# GIVEN ENTRIES
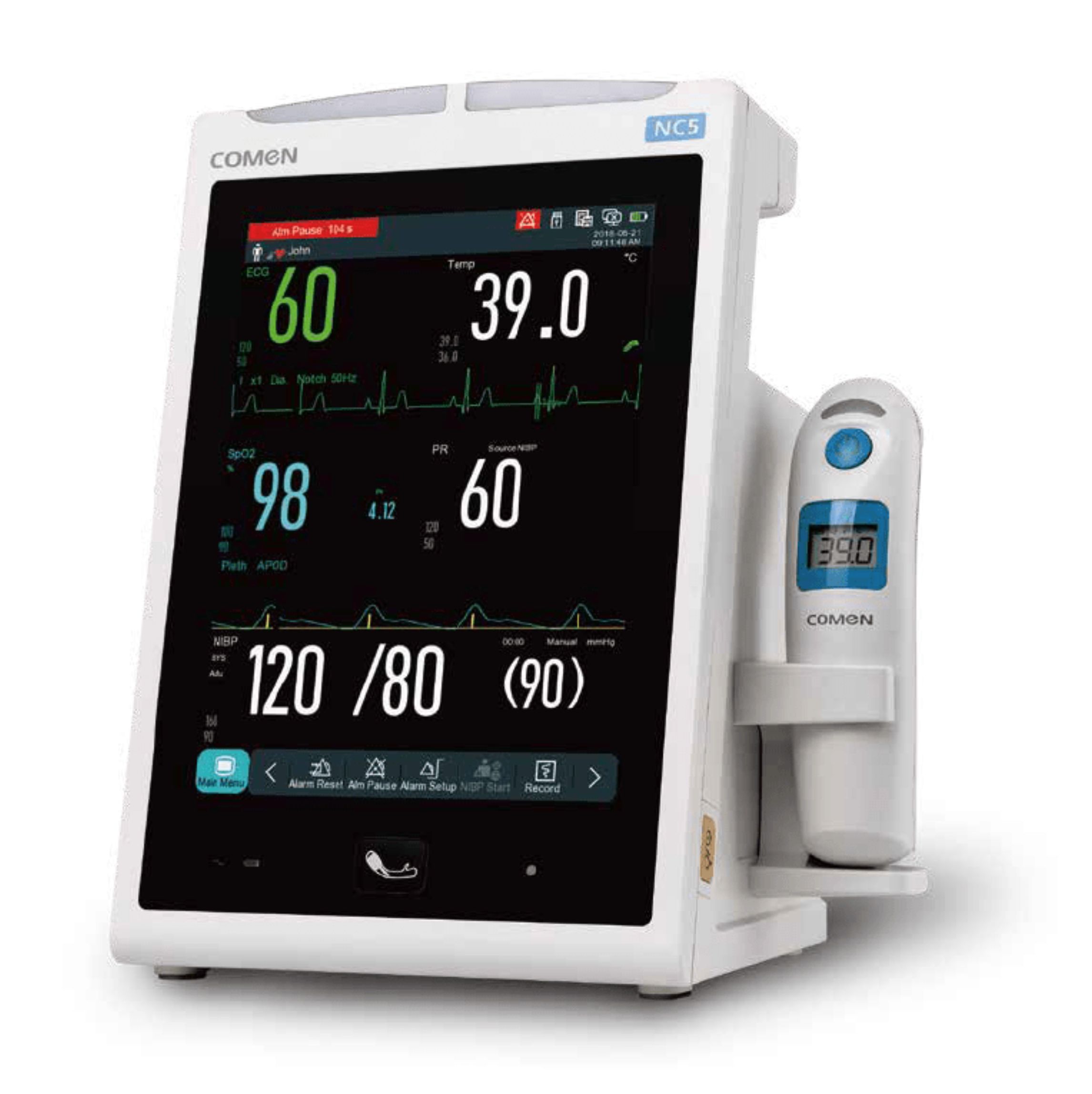 Vital Sign Monitor | COMEN NC5 | Blood Pressure | Pulse Oximeter | Thermometer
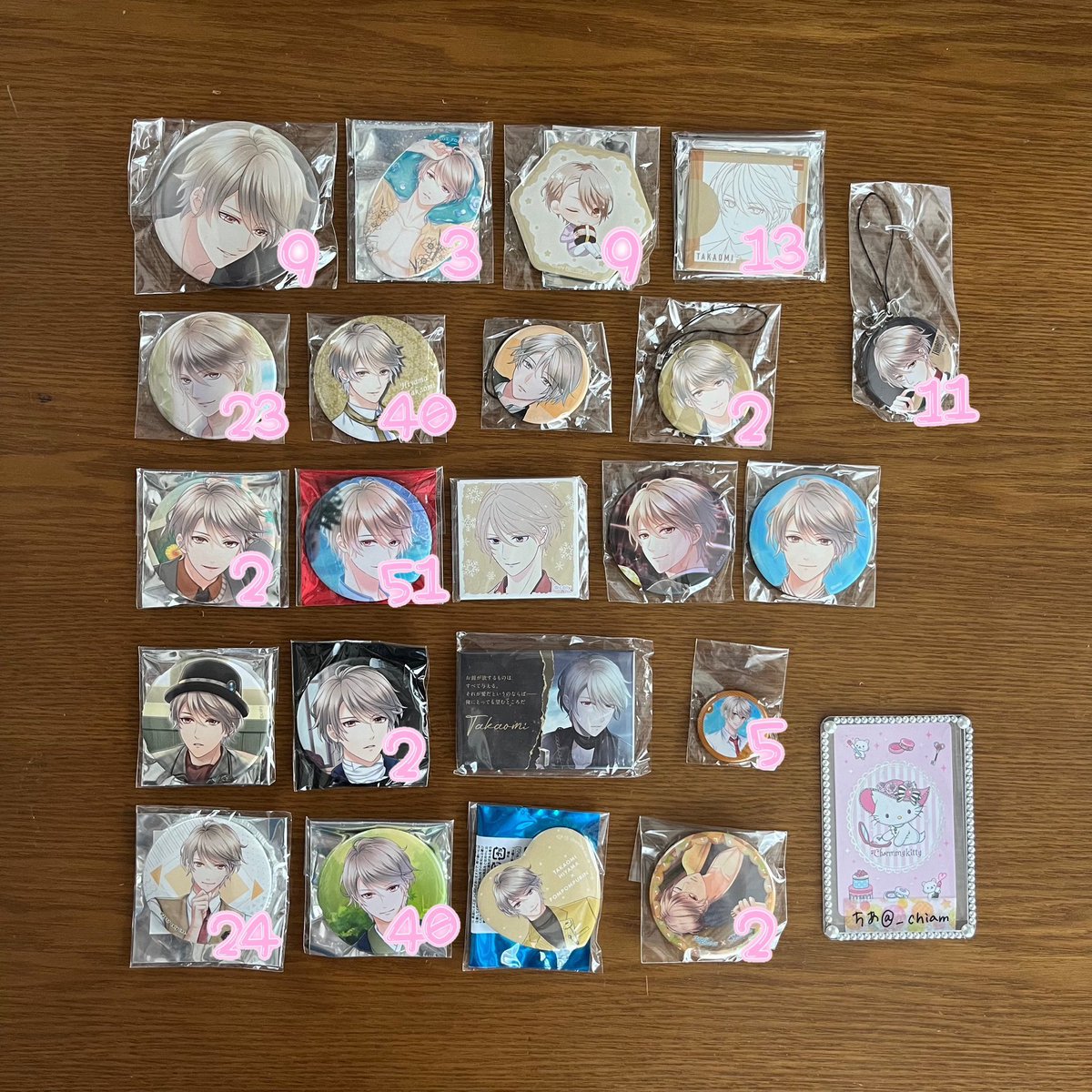 no_TL【譲渡】スタマイ スタンドマイヒーローズ AJ 和装 缶バッジ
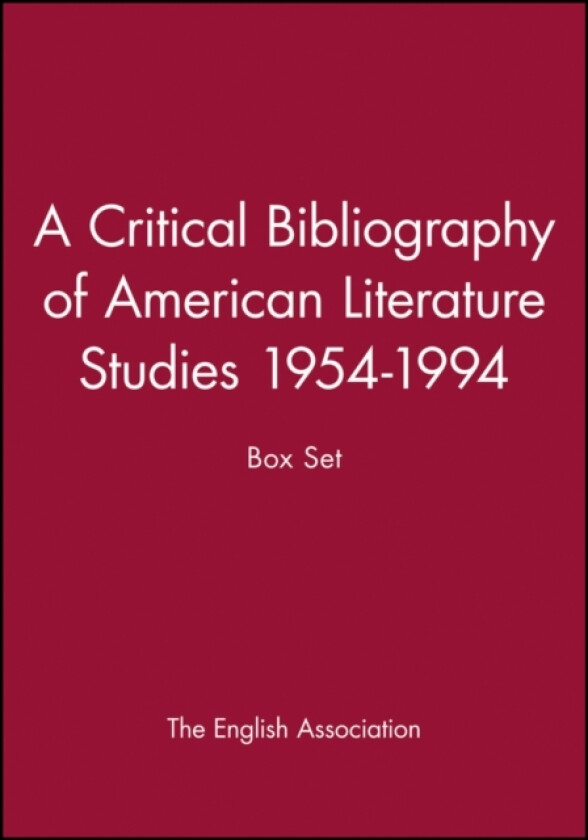 Bilde av A Critical Bibliography of American Literature Studies 1954-1994 av The English Association (Hardcover)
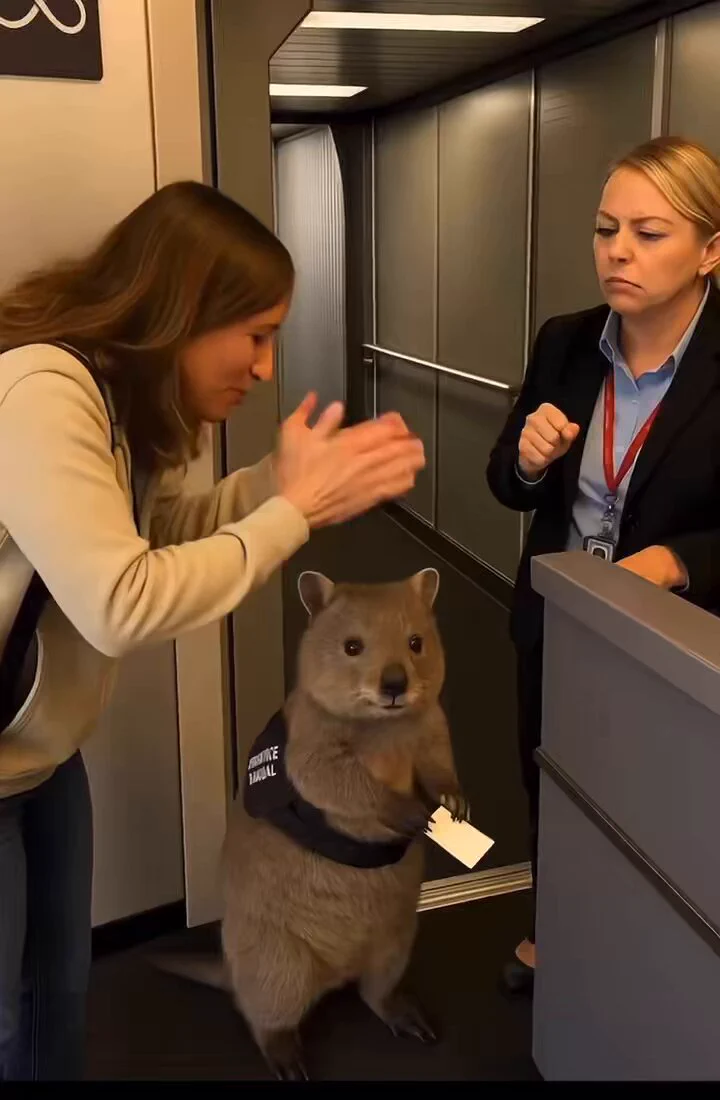 航空会社のスタッフに搭乗拒否されながらずっと待ってる搭乗券持ったウォンバット見て
 https://t.co/UB42FBNowt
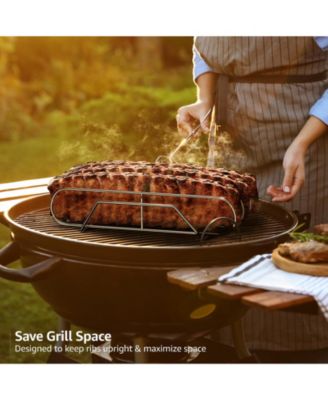 Non-Stick Rib Rack XL -  Holds 3 Full Rib Racks for Grilling & Barbecuing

# EXERCISE BRIEF
For the entries above, the output must hold exactly the lines from the one with "no_TL【譲渡】スタマイ スタンドマイヒーローズ AJ 和装 缶バッジ" through the last line, both included, and no pictures.

# EXERCISE RESPONSE
 no_TL【譲渡】スタマイ スタンドマイヒーローズ AJ 和装 缶バッジ
 Bilde av A Critical Bibliography of American Literature Studies 1954-1994 av The English Association (Hardcover)
 航空会社のスタッフに搭乗拒否されながらずっと待ってる搭乗券持ったウォンバット見て
 https://t.co/UB42FBNowt
 Non-Stick Rib Rack XL -  Holds 3 Full Rib Racks for Grilling & Barbecuing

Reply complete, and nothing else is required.